Carl Barat

HOLLY STEVENSON: ‘Carl Barat was playing Supernanny with us, treating us to a Libertines song, but only if we swallowed his new stuff without complaint.’

Carl Barat pete doherty stage invasion supernanny the haymakers the libertines

October 16th, The Haymakers, £14


If every gig has its own personality, Carl Barat’s had a personality disorder. Schizophrenia perhaps; or a touch of bipolarity.


After opening with the new single ‘Run With the Boys’, Barat immediately followed with ‘Je Regrette, Je Regrette’, another song from his recently released eponymous album. Both are listenable, even memorable.  His staring, fiery blue eyes revealed either the his passionate belief in his own music or the volume of Johnny Walker he had consumed. The audience applauded as if they were at a tennis match.

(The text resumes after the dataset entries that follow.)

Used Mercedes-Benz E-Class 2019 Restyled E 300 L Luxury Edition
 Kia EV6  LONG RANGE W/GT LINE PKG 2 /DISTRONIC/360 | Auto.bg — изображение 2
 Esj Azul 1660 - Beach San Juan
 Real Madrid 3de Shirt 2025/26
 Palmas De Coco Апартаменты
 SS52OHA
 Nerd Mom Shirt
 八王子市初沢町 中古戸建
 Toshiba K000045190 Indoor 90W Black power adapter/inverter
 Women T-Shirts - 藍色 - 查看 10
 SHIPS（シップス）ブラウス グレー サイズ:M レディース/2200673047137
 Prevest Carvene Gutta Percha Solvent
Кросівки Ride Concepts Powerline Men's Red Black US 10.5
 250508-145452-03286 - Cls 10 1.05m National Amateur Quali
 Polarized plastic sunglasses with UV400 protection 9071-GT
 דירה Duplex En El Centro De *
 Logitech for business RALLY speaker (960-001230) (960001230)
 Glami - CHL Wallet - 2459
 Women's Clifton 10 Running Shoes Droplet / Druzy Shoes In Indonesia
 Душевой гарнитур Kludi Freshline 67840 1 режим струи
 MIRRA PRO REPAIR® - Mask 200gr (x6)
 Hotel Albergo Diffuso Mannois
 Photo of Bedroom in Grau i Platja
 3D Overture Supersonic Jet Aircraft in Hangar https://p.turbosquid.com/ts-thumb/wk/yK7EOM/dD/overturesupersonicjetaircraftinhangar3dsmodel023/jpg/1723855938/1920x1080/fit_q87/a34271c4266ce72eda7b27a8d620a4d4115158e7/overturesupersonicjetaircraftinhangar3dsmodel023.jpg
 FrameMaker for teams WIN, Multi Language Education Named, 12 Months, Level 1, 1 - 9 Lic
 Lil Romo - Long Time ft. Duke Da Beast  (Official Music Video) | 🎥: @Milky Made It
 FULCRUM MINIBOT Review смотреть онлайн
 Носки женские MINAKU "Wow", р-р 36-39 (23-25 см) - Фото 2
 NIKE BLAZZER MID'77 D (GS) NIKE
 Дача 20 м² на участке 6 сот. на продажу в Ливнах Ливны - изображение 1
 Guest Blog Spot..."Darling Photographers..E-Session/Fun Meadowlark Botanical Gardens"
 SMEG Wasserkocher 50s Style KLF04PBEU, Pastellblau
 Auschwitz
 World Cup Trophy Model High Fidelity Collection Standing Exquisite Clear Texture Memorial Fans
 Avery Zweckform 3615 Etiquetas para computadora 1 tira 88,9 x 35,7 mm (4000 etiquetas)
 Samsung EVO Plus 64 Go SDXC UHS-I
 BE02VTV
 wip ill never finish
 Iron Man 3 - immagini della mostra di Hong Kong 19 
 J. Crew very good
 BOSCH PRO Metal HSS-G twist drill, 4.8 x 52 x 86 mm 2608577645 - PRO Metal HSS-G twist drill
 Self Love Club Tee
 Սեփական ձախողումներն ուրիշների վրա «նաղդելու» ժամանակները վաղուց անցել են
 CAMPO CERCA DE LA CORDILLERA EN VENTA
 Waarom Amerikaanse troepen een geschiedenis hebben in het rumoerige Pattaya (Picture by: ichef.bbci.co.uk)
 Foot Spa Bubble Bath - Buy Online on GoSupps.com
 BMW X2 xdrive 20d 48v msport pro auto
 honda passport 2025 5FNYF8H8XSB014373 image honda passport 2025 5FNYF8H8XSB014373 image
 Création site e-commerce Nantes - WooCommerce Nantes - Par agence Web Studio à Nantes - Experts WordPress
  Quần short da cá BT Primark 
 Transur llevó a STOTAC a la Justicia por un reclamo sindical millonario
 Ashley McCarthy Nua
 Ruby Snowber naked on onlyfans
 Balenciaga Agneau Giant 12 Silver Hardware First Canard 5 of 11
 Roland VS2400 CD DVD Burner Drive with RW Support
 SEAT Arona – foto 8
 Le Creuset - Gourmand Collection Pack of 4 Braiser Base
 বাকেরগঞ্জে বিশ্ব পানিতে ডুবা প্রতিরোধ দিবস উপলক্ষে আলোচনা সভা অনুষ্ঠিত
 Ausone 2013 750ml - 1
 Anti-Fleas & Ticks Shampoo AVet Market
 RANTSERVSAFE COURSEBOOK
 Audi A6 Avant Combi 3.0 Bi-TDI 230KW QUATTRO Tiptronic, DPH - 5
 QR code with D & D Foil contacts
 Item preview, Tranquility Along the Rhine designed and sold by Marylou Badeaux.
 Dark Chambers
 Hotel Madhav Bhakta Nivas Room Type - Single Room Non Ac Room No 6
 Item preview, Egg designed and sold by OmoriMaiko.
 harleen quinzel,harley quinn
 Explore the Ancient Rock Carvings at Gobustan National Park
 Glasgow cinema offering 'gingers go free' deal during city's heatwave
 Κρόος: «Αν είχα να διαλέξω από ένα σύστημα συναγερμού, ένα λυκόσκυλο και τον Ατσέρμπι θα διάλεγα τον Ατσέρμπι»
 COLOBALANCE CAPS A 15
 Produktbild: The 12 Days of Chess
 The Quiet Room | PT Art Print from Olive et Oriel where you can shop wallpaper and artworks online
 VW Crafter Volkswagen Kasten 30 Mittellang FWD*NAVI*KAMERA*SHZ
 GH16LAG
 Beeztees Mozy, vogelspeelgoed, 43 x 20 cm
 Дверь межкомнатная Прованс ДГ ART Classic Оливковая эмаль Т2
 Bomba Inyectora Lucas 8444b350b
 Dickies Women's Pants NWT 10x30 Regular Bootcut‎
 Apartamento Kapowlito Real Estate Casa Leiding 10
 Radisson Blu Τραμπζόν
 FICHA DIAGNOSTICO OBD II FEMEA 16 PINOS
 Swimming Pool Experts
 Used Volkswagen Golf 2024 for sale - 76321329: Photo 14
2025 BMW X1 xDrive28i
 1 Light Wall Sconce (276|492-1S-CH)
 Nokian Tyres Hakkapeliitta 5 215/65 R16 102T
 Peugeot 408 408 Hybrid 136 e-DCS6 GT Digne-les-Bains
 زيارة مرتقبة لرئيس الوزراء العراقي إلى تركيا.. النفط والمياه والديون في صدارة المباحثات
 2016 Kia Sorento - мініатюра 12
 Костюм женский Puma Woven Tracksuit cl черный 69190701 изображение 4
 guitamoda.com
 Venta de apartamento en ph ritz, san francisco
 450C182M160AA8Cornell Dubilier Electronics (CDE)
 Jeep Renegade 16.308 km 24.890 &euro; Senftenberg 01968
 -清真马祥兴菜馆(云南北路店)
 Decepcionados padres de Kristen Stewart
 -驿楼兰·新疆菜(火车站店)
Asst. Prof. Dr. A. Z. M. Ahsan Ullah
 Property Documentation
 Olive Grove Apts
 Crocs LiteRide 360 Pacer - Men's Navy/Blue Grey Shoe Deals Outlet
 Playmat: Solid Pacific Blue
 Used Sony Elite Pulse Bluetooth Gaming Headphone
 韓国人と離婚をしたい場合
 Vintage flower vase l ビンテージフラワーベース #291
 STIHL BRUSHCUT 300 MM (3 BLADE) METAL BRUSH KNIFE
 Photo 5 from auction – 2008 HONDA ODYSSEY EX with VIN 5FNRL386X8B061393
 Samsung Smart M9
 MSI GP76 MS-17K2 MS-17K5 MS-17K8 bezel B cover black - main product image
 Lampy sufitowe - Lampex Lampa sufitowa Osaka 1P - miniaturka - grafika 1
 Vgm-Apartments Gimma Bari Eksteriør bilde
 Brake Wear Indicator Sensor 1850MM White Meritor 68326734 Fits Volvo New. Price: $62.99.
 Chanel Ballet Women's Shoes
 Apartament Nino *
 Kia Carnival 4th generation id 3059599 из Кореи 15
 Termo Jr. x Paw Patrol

So, when the riff from ‘The Man Who Would Be King’ wound its way over to us, it was if the venue was a tinderbox doused with petrol and Carl had just chucked in a match. The crowd surged forward, bound together in a primeval urge to drain every single drop they could from a Libertines song performed live. ‘So Long My Lover’ came like a cold shower. Everyone stood still, as if they were all in a mass game of musical statues.

A pattern emerged; two new songs, then something from the back catalogue. Barat was playing Supernanny with us, treating us with a Libertines song, but only if we swallowed his new stuff without complaint. Normally an artist can use the good vibes he gets from his established material to carry on a momentum through newer songs but Carl’s material has none of the energy and buzz of early Libertines or even the occasionally brilliant Dirty Pretty Things.

Barat is performing with an enormous albatross around his neck. To play exclusively solo material would have started a riot; yet the other option is to become a Libertines tribute band, playing the same old hits to please the indie purists stuck in 2003.  Instead, he needed a new sound; to produce another Libertines sound-a-like would have equally mired him in the past. Even what was absent reminded us of what could have been. ‘Can’t Stand Me Now’ was noticeably absent, but then what is that song without Pete?

The stage invaders during ‘Don’t Look Back into the Sun’ were hoping for a time machine to return them to the halcyon days of Peter, Carlos and the Good Ship Albion.  But, Barat has to live with the fact that he will never be that good again. And so do we.